A forum born in 1999, telling its revival story through a membership package of digital collectibles worth 1,999 yuan. This itself is very "Tianya," and very contemporary. The digital badge is given ticket-like attributes, with governance, distribution, and even equity imagination embedded.

The key entity is Chengdu Tianya Ke Network Technology Co., Ltd. According to the community’s February 9 open letter, this newly established investment entity in 2024 is the core force behind the revival. The new Tianya plan includes an online-offline integrated Tianya Ke travel social platform, Tianya Community, and a Web3.0-based overseas Tianya (decentralized governance, IP copyright digital asset trading).

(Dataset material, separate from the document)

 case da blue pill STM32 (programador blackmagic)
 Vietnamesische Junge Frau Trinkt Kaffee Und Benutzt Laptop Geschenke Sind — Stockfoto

The member store page shows that this pack is limited to 9,999 copies, with benefits including: Tianya Reviver digital badge, Tianya Ke premium VIP gift box, ten years of free access to official divine posts paid zone, Tianya Metaverse, ten-year member discounts, and 1,999 Tianya Gold Beans.

According to the announcement on May 31, this digital badge has been minted on AntChain, supporting compliant circulation, with a limit of three transfers within a year, requiring approval through a national compliant cultural property trading institution or an officially designated platform.

What’s more noteworthy is that the announcement links this badge to a whole set of "New Tianya core rights."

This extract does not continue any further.